Do you say “I am done”, when you somehow break through all of that hurt counting the good days you had vs the bad ones to decide, as you did for the whole time you were together “yes, I chose you”, you ask of her to not contact “him”, yet she does, you break your core values and do something you feel disgusted with yourself and you spy on her via your laptop she uses everyday to contact him, when she said she won’t, you torture yourself with reading through all the emails they shared, you know exactly who he is, you know he visited her when your father was in intensive care (count 1), you know she went on a week holiday in Tuscany with “him” (count 2), you know she didn’t open the door for your sister who was to deliver a book for you via her because “he” was there (count 4, and another trip to Italy for her count 3)…

Do you say “I am done”, when you try to be all civil and normal while she is here to see if this can still work, yet, you are the only one who shows affection, care, interest and love… and you feel as if you had a flat mate, instead of your life partner in the apartment…

Do you say “I am done”, when after 5 weeks of not knowing what will be the outcome of this, because she hasn’t made anything clear to you, she leaves just days before Christmas (as planned with the ticket) and at the terminal conversation goes along the lines (while you’re hugging):
Me: “I love you”
Her: “I know”
pause
Her: “I will see you soon”
Me (sarcastically): “Really?”
hold the hug for a moment longer and release, turn around and walk away, while putting your sunglasses on to cover up the tears and you go back to work to keep your mind of it all…

And after that visit things seem to be going in the direction of you not being single, just yet… therefore…

Do you say “I am done”, when she texts you later those words you hoped you’d hear in person, face to face, but they never come at the airport…?

Do you say “I am done”, when she apologies for all that happened in that year via text message, saying she did it all for herself, to know she is ok (literally)… and things seem to be going “ok”…

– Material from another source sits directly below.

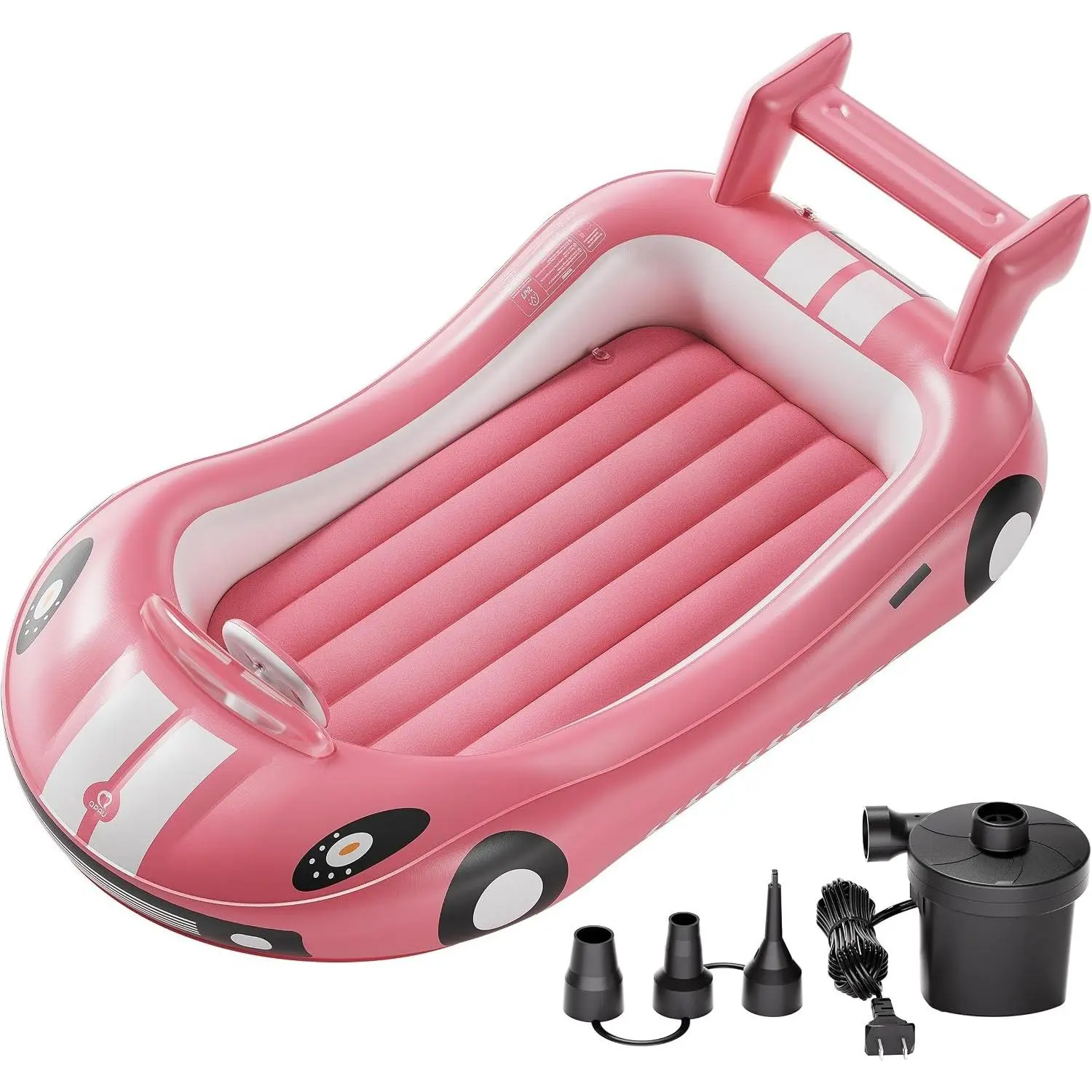 Inflatable Toddler Travel Bed with Electric Pump, Racing Car Kids Air Mattress with Sides, Portable Blow Up Bed for Camping, Travel, Hotel & Home (Pink)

Do you say “I am done”, when you go for 2 weeks to UK for Easter, you sleep in a separate bed, your friends ask the awkward question when you meet them “why?” and you’d rather melt away or not be there at all to answer, when you feel out of place and even more like a piece of furniture that you did when she was visiting you in Auckland before Christmas, absolutely disposable, no need to attend to, just put it in the corner and it will be just fine…

Do you say “I am done”, when there is World Cup on TV and she can’t even talk to you on video, because she is watching a game, a recorded game she can pause, rewind, etc…

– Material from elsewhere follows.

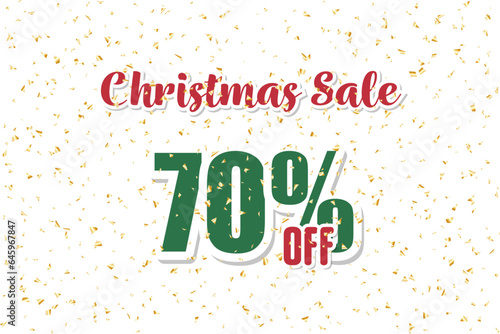Inscription christmas sale 70 off on a white background with confetti. Price labele sale promotion market. tag retail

Or do you finally give up few weeks later when you finally are at your wits end and finally say to yourself, I can’t be taking this shit anymore and you send an email asking WTF?!… and you get a response that shocks the love or any affection you had for her out of you and out of that relationship immediately…

So tell me? when do you stop and say you are done? I’d wish you did much sooner than I…

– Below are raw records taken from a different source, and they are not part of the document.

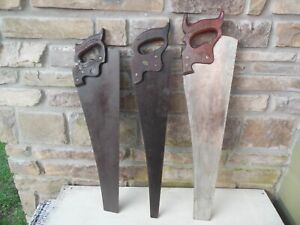 Antique Lot of 3 Hand Saws Warranted Superior Atkins Disston Woodworking Tools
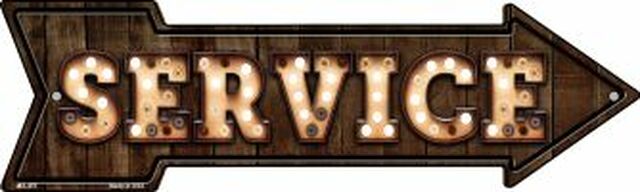 Service Bulb Letters Metal Arrow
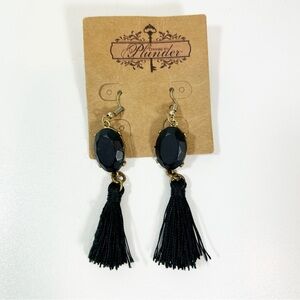 Matte Black Jewel Gold Detail String Tassle Pendent Earrings
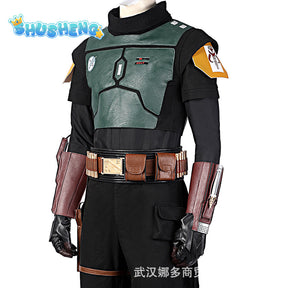 Boba Fett Cosplay Fantasia Costume Disguise For Men Adult Top Pants Vest Halloween Carnival May the Force Festival Roleplay Suit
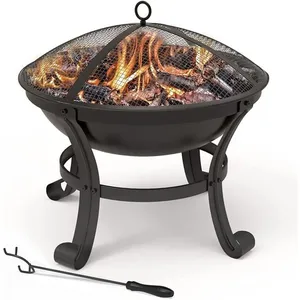 VOUNOT Brasero de Jardin Extérieur Ø55cm avec Grille Tisonnier et Couv...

I haven’t reach any of my limits I am sure, but I can say this much: if I could spare just 1 single person from going through a fraction of what I have gone through and help them realize sooner than later it isn’t worth it, than I am a happier man (not that I am not happy now anyway…).

I know when I want something, I will go all the way, I am the “for better and for worse”, literally, “till death do as part” kind of guy, but I can tell you now, had I known what I have learned, I would have walked away months ago and saved myself crowning 2013 the worst year of my 33 year back then life.

I don’t really know when to say I am done, that’s my biggest flaw maybe. You won’t listen to my advice, same as I didn’t listen back then to my parents, friends (some of which I wouldn’t call friends as they knew exactly what was going on), etc. I had to learn for myself, it was my choice after choice that led me (painfully back then) to where I am now.
It costs a lot and in the end, it really isn’t worth it, I’ll leave that rubbish for someone else to pick up.